The listing below is to be output in its exact form.

-- Extracted information --
____

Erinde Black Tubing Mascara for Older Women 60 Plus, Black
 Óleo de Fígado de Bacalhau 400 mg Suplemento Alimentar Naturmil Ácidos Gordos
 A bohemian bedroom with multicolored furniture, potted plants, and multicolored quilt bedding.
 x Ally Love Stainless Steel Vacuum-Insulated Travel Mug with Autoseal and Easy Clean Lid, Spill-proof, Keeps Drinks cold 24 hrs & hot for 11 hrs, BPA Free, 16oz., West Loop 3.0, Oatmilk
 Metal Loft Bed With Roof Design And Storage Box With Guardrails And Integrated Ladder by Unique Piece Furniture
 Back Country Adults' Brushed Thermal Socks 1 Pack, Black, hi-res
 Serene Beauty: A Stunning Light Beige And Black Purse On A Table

____

-- Problem solution --
Erinde Black Tubing Mascara for Older Women 60 Plus, Black
 Óleo de Fígado de Bacalhau 400 mg Suplemento Alimentar Naturmil Ácidos Gordos
 A bohemian bedroom with multicolored furniture, potted plants, and multicolored quilt bedding.
 x Ally Love Stainless Steel Vacuum-Insulated Travel Mug with Autoseal and Easy Clean Lid, Spill-proof, Keeps Drinks cold 24 hrs & hot for 11 hrs, BPA Free, 16oz., West Loop 3.0, Oatmilk
 Metal Loft Bed With Roof Design And Storage Box With Guardrails And Integrated Ladder by Unique Piece Furniture
 Back Country Adults' Brushed Thermal Socks 1 Pack, Black, hi-res
 Serene Beauty: A Stunning Light Beige And Black Purse On A Table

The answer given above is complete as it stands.